Exercise aim:
Exactly the lines from the one containing "study link in site record" to the final line below should be output, and no others.

Recorded data:

BEGIN

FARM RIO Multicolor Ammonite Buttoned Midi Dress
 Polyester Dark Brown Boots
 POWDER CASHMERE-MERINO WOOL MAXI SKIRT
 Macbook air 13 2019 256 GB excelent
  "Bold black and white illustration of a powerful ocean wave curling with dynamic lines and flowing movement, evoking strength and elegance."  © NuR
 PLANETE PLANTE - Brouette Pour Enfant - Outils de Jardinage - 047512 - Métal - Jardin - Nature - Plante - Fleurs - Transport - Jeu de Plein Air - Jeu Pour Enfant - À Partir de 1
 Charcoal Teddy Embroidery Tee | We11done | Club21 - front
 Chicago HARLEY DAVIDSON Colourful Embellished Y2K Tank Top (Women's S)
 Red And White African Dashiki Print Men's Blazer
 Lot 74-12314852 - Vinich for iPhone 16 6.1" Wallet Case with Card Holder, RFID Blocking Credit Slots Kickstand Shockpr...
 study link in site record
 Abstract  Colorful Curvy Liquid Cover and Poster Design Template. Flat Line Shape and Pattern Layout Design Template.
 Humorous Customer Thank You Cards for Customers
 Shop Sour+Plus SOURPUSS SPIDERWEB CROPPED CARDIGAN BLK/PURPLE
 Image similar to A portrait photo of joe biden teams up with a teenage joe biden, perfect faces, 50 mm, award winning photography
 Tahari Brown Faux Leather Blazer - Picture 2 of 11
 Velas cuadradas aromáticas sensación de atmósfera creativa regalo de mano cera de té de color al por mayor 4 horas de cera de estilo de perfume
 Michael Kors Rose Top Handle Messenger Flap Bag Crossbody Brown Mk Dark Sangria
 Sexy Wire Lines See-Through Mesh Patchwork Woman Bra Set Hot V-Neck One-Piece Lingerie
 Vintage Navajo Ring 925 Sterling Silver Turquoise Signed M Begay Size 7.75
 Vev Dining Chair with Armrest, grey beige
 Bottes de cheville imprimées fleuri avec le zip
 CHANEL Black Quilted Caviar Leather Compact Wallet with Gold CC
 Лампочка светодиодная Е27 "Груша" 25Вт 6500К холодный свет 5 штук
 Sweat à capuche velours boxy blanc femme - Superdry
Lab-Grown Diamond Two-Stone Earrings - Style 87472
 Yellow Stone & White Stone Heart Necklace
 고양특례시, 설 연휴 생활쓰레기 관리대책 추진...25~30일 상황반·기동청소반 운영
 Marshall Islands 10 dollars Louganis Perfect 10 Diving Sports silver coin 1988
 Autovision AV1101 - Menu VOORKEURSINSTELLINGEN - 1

END

Exercise response:
 study link in site record
 Abstract  Colorful Curvy Liquid Cover and Poster Design Template. Flat Line Shape and Pattern Layout Design Template.
 Humorous Customer Thank You Cards for Customers
 Shop Sour+Plus SOURPUSS SPIDERWEB CROPPED CARDIGAN BLK/PURPLE
 Image similar to A portrait photo of joe biden teams up with a teenage joe biden, perfect faces, 50 mm, award winning photography
 Tahari Brown Faux Leather Blazer - Picture 2 of 11
 Velas cuadradas aromáticas sensación de atmósfera creativa regalo de mano cera de té de color al por mayor 4 horas de cera de estilo de perfume
 Michael Kors Rose Top Handle Messenger Flap Bag Crossbody Brown Mk Dark Sangria
 Sexy Wire Lines See-Through Mesh Patchwork Woman Bra Set Hot V-Neck One-Piece Lingerie
 Vintage Navajo Ring 925 Sterling Silver Turquoise Signed M Begay Size 7.75
 Vev Dining Chair with Armrest, grey beige
 Bottes de cheville imprimées fleuri avec le zip
 CHANEL Black Quilted Caviar Leather Compact Wallet with Gold CC
 Лампочка светодиодная Е27 "Груша" 25Вт 6500К холодный свет 5 штук
 Sweat à capuche velours boxy blanc femme - Superdry
Lab-Grown Diamond Two-Stone Earrings - Style 87472
 Yellow Stone & White Stone Heart Necklace
 고양특례시, 설 연휴 생활쓰레기 관리대책 추진...25~30일 상황반·기동청소반 운영
 Marshall Islands 10 dollars Louganis Perfect 10 Diving Sports silver coin 1988
 Autovision AV1101 - Menu VOORKEURSINSTELLINGEN - 1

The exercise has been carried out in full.